TASK DESCRIPTION: Leave out every picture and set down, exactly, the lines below from the one holding "X0000115210855200911121903" up to and including the one holding "Balık köpek deniz".

SUPPLIED MATERIAL:
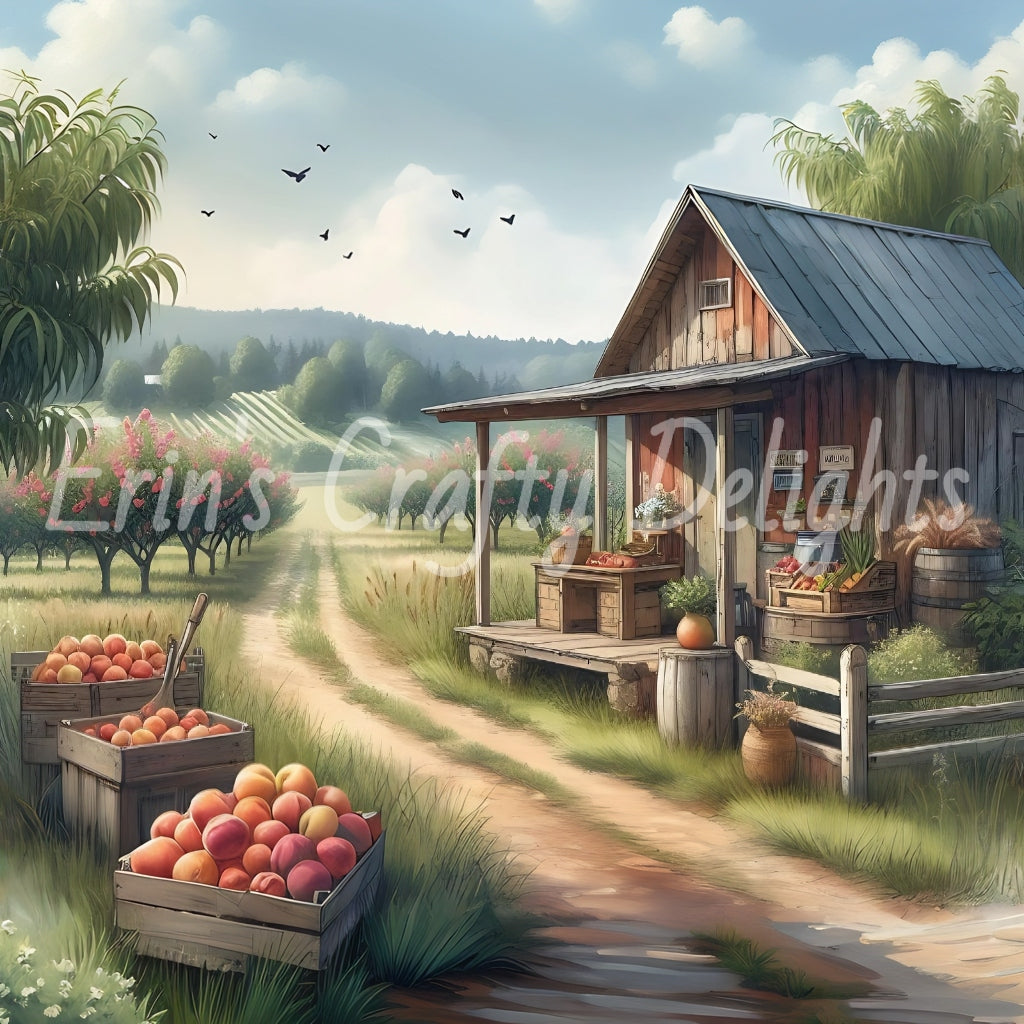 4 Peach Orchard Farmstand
--
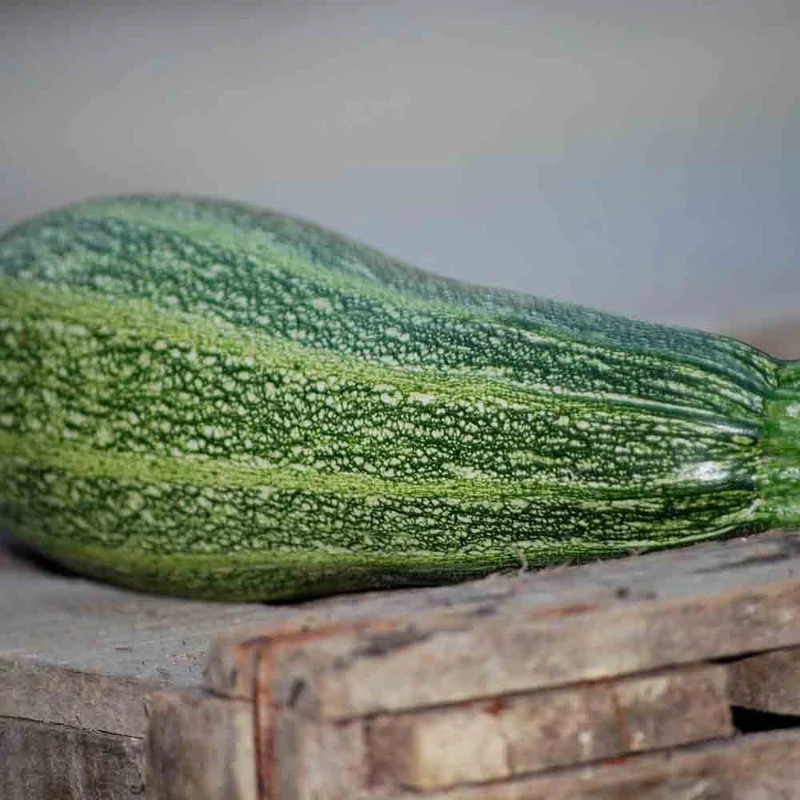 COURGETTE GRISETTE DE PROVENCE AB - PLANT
==
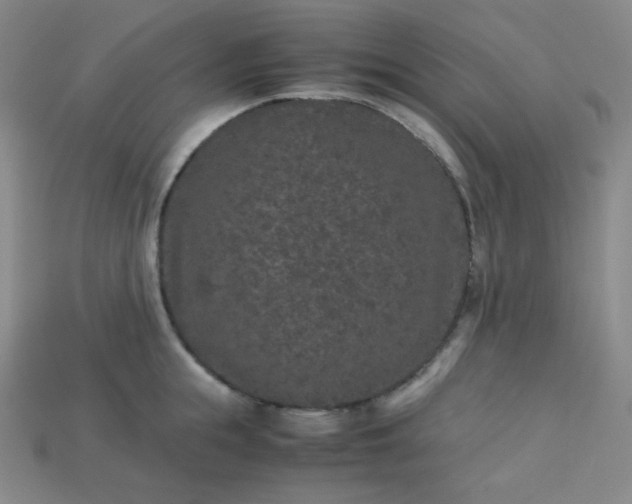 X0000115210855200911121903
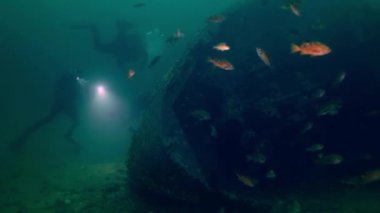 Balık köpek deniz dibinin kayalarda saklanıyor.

REPLY TO THE EXERCISE:
 X0000115210855200911121903
 Balık köpek deniz dibinin kayalarda saklanıyor.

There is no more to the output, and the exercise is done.